• **Action item**
Leave the pictures out and restate every line below exactly.

[Supplied information Boundary: Start]

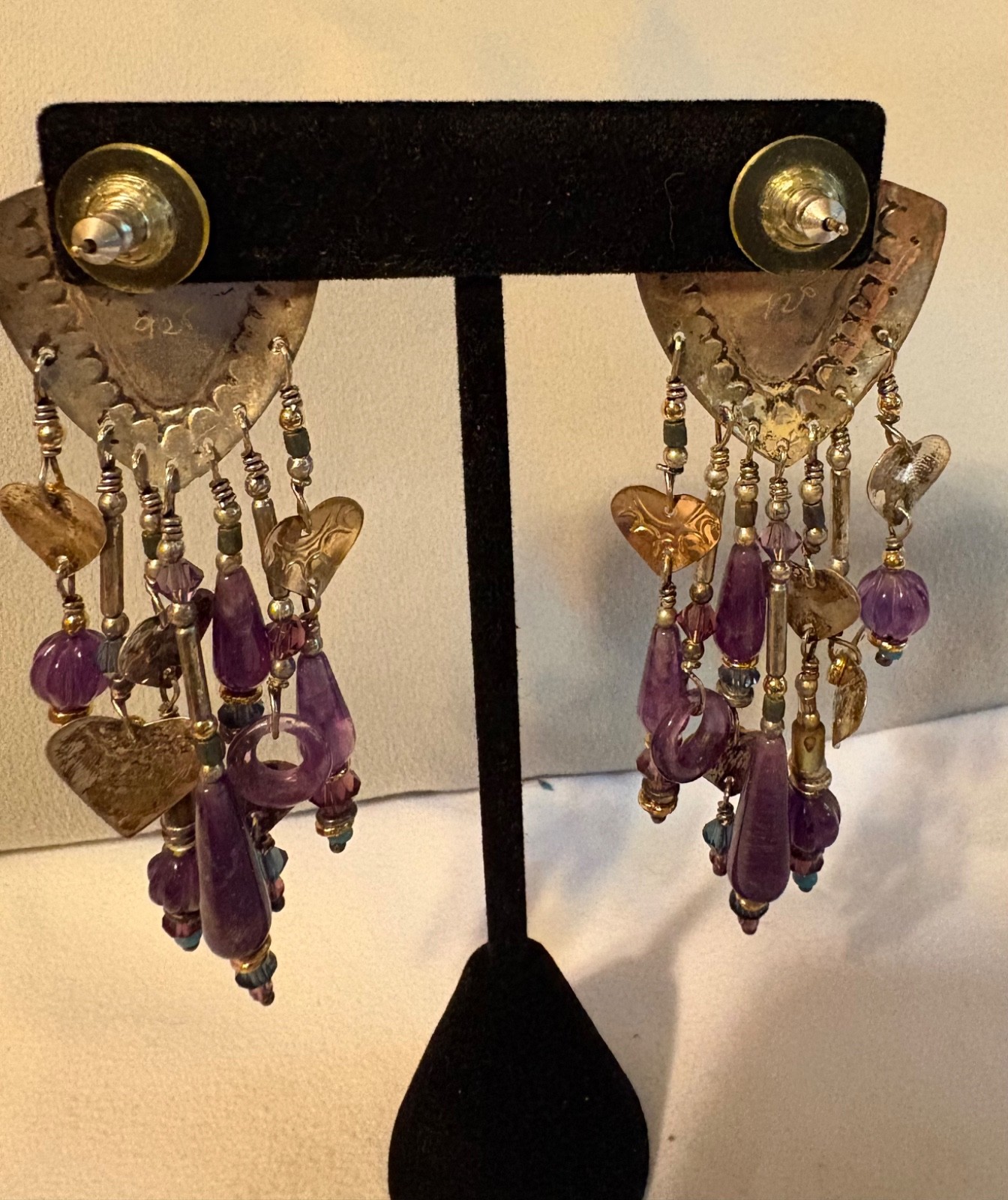 Vintage Tabra Earrings–Amethyst and Abalone–Sterling Silver and Gold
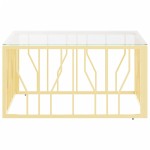 vidaXL Masă de cafea, auriu, 80x80x40 cm, oțel inoxidabil și sticlă vidaXL Masă de cafea, auriu, 80x80x40 cm, oțel inoxidabil și sticlă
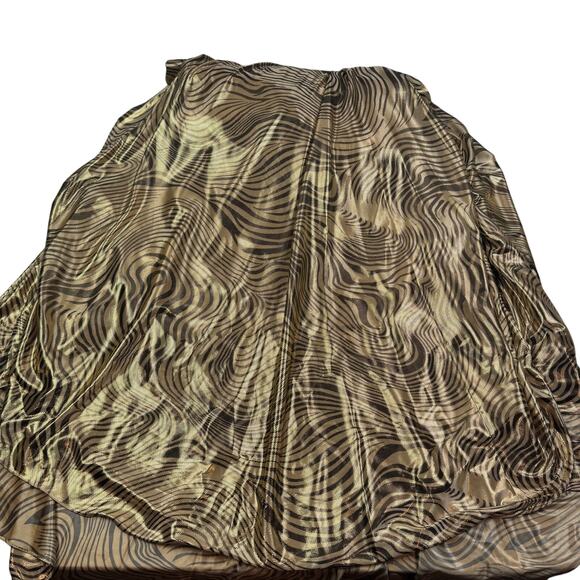 Mac Duggal Couture Metallic Gold Lame Abstract Animal Print Evening Gown Size 2 - Picture 7 of 12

[Supplied information Boundary: End]

• **Solution**
 Vintage Tabra Earrings–Amethyst and Abalone–Sterling Silver and Gold
 vidaXL Masă de cafea, auriu, 80x80x40 cm, oțel inoxidabil și sticlă vidaXL Masă de cafea, auriu, 80x80x40 cm, oțel inoxidabil și sticlă
 Mac Duggal Couture Metallic Gold Lame Abstract Animal Print Evening Gown Size 2 - Picture 7 of 12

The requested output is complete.